(Items from a data source)
--- START ---

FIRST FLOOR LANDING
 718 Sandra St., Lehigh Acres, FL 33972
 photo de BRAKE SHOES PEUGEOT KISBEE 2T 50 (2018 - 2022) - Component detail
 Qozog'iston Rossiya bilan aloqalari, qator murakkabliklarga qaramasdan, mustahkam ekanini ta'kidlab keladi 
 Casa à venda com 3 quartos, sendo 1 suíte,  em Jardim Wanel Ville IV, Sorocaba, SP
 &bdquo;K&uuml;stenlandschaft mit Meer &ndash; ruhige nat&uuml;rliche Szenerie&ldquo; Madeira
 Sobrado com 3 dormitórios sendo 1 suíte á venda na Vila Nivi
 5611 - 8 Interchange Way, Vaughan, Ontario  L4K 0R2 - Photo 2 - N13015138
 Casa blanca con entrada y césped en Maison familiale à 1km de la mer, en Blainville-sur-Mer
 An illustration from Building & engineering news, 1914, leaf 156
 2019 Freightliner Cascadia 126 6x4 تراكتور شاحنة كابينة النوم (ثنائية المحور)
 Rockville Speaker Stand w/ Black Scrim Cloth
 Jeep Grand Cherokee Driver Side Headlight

--- END ---

### [Exercise requirements]
Print out the records exactly as they were entered.

### [Problem solution]
FIRST FLOOR LANDING
 718 Sandra St., Lehigh Acres, FL 33972
 photo de BRAKE SHOES PEUGEOT KISBEE 2T 50 (2018 - 2022) - Component detail
 Qozog'iston Rossiya bilan aloqalari, qator murakkabliklarga qaramasdan, mustahkam ekanini ta'kidlab keladi 
 Casa à venda com 3 quartos, sendo 1 suíte,  em Jardim Wanel Ville IV, Sorocaba, SP
 &bdquo;K&uuml;stenlandschaft mit Meer &ndash; ruhige nat&uuml;rliche Szenerie&ldquo; Madeira
 Sobrado com 3 dormitórios sendo 1 suíte á venda na Vila Nivi
 5611 - 8 Interchange Way, Vaughan, Ontario  L4K 0R2 - Photo 2 - N13015138
 Casa blanca con entrada y césped en Maison familiale à 1km de la mer, en Blainville-sur-Mer
 An illustration from Building & engineering news, 1914, leaf 156
 2019 Freightliner Cascadia 126 6x4 تراكتور شاحنة كابينة النوم (ثنائية المحور)
 Rockville Speaker Stand w/ Black Scrim Cloth
 Jeep Grand Cherokee Driver Side Headlight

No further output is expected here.